Global CEO a myth; most firms opt for locals

Dubai, May 12, 2014

The “global CEO” as commonly thought of is a rarity and the trend world-wide seems to be “local” and “native”, according to a new study.

About 76pc of new CEOs in 2013 were insiders who were promoted from within the company (compared with 71pc in 2012). As much as 80pc were nationals of the same country as the company’s headquarters and 65pc did not have experience working abroad, said the newly released 2013 Chief Executive Study from Strategy& (formerly Booz & Company).

“Companies continue to select CEOs who are familiar faces, particularly when it comes to nationality and international experience, suggesting that the ‘global CEO’ is more mythical than real,” said Per-Ola Karlsson, senior partner at Strategy& and co-author of the report and the managing director of Dubai.

The vast majority - 70 per cent - of CEO turnovers at the world’s largest 2,500 public companies in 2013 were planned events, as opposed to forced turnovers or the result of mergers.

“The high proportion of planned turnovers is a strong signal that companies are continuing to take an active, considered approach to putting in place new leadership,” said Gary L Neilson, senior partner at Strategy& and co-author of the 14th annual global chief executive study, which examines trends and patterns among incoming and outgoing CEOs of the world’s 2,500 largest public companies.

The current study looks at women CEOs over the past 10 years as well as overall succession trends with a focus on 2013’s incoming class of CEOs.

CEO turnover at the world’s largest companies in 2013 decreased slightly to 14.4pc from 15pc in 2012—well within the range of turnover generally expected during non-recession periods.

“While the CEO succession rates in the Middle East continue to be higher than the global average, we have seen a meaningful decline this year in this region as well and are now approaching the global levels,” said Karlsson.

Other notable study findings are: The median age of incoming CEOs was 53 and CEO tenure has remained relatively steady over the past five years – but rose slightly in 2013 to the 14-year median of five years.

The study includes two other findings that illuminate what companies are looking for in a CEO. First, the percentage of CEOs appointed with joint CEO/chairman titles decreased for the third straight year to an all-time low of 9pc.

“The fact that joint appointments as CEO and chairman is at a low level is a sign of good governance, reflecting increased accountability and decreased conflict of interest,” Neilson said.

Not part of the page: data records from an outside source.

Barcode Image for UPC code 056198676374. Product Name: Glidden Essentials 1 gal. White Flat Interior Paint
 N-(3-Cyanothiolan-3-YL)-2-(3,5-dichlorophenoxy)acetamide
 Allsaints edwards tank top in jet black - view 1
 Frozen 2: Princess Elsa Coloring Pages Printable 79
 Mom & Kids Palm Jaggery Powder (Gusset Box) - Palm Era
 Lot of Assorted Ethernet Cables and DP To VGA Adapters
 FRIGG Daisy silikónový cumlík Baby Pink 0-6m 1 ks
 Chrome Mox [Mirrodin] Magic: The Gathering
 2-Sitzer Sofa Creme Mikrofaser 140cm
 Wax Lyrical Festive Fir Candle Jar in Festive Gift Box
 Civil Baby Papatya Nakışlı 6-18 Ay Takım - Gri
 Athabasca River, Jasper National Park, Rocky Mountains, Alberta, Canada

Second, the share of CEOs with MBA degrees has increased to 28pc in 2013 from 19pc in 2003 - a rise of nearly 50pc over 10 years and a trend the study’s authors expect to continue.

In eight out of the last 10 years, the proportion of women in the incoming class of CEOs has been larger than the proportion in the outgoing class, indicating that women CEOs are becoming more prevalent among the world’s largest 2,500 public companies.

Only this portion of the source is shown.